As her behaviour becomes increasingly unreasonable, The Maid becomes something of a psychological thriller laced with a healthy dose of black comedy. Silva's beautifully structured screenplay zags when you expect it to zig, and he develops a riveting sense of tension as Raquel engages in an absurd battle of wills with a succession of maids. Even as the film strays into more outlandishly comic territory – like Raquel hiding a cat in a drawer, or the second new maid Sonia (Anita Reeves) being reduced to clambering over the rooftops – Silva makes sure it all develops in a natural fashion and that it remains rooted in a believable sense of humanity. Perhaps Silva's prime skills as a filmmaker lie in his writing rather than his directing, as The Maid is shot in a drab and sometimes clumsy fashion, but he does enough to wring plenty of mileage out of his script, and he draws superb performances from his actors.

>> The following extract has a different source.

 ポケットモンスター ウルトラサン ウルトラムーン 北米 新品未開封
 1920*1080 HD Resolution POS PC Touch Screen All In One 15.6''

Above all, the central performance from Catalina Saavedra is an astonishing piece of work. It's a brilliantly complex portrayal, simultaneously fearsome and funny, and as the film progresses she allows us to see behind the character's gruff exterior to examine the root cause of her extreme behaviour. Having spent two decades living and working with this family, Raquel has nobody else in her life and she has become emotionally stunted through her lack of experience of the outside world. When her role as the Valdez family's maid is threatened she fears she's about to lose everything, so she reacts in the only way she knows how, fighting tooth and nail to scare off any competitors. Even as Raquel burns with vindictive intent, however, Saavedra finds room for moments of tenderness in her performance; she really does love this family, she just has an unusual way of showing it.

That's why the final section of the film is so satisfying. When Pilar tries for the third time to find an assistant who Raquel can work alongside she hits the jackpot with Lucy (the brilliant Mariana Loyola), a young maid who stands her ground against Raquel's aggressive tactics. Lucy's no-nonsense approach and her determination to connect with Raquel gives the older maid an opportunity to develop a real friendship for the first time in many years, and when she finally allows her grumpy visage to relax into an uneasy smile, there's a genuine sense of revelation. The Maid takes us on a real journey with Raquel, who, thanks to Silva's perceptive writing and Saavedra's extraordinary display, is one of the year's most intriguing and entertaining screen characters. When we finally leave her, striding purposefully towards the camera, it feels like we've witnessed nothing less than a woman reborn.